GIVEN MATERIAL ::

--- START ---

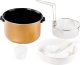 Multicooker Redmond RMC-M90E 7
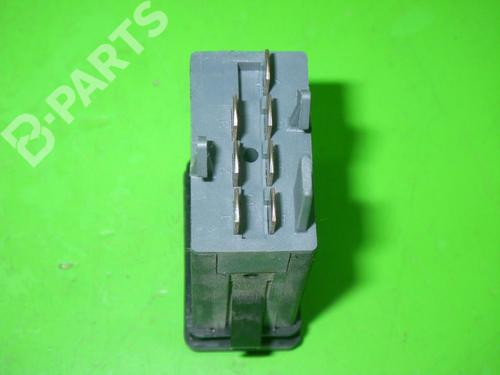 Warning switch FORD GALAXY I (WGR) 2.3 16V | BP6364170I22 
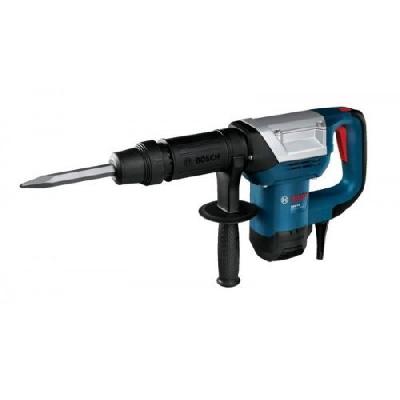 Breaker Bosch GSH 16-30
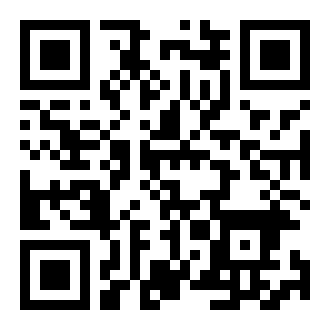观看视频教程高一高中数学优质课展示《函数的单调性》人教a版_黎老师的二维码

--- END ---

TASK TO COMPLETE :: In your copy, include no pictures and only the lines from the line with "Warning switch FORD" through the final line of the listing above, reproduced exactly.

RESULT FOR THIS TASK ::
 Warning switch FORD GALAXY I (WGR) 2.3 16V | BP6364170I22 
 Breaker Bosch GSH 16-30
观看视频教程高一高中数学优质课展示《函数的单调性》人教a版_黎老师的二维码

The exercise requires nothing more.